Material provided
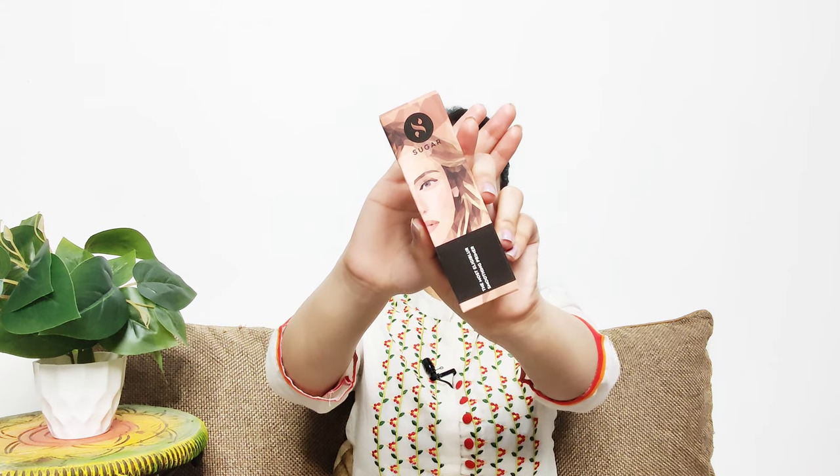Next I'm going to use this Sugar primer — the Most Eligible Smoothing Primer. It comes in a black tube and is very travel friendly. I'm just going to take a pea-size amount and apply it on my nose area to help blur out the pores before makeup.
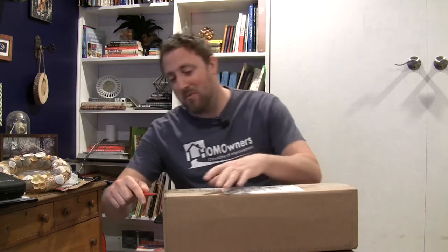Today I am unboxing the Sunsa Wands, which automatically close and retrofit your blinds. I just got these last night and I am super excited to get them set up. I backed these a while ago, so let's see what's what.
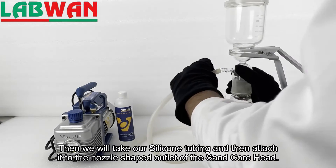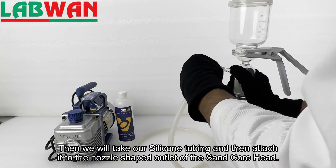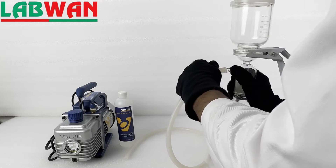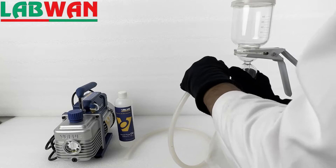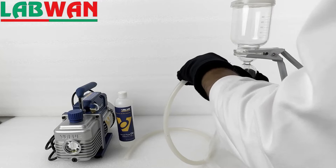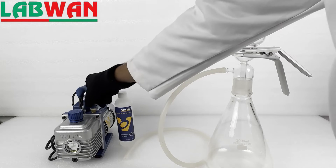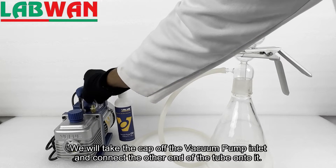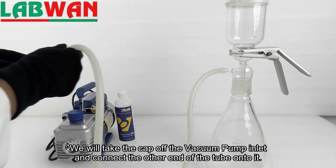Then we will take our silicone tubing and attach it to the nozzle-shaped outlet of the sand core head. We will take the cap off the vacuum pump inlet and connect the other end of the tube onto it.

What is needed
No pictures should appear in the copy, which holds exactly the lines from the first line of the data through the line with "Today I am unboxing" and nothing else.

Task response
Next I'm going to use this Sugar primer — the Most Eligible Smoothing Primer. It comes in a black tube and is very travel friendly. I'm just going to take a pea-size amount and apply it on my nose area to help blur out the pores before makeup.
Today I am unboxing the Sunsa Wands, which automatically close and retrofit your blinds. I just got these last night and I am super excited to get them set up. I backed these a while ago, so let's see what's what.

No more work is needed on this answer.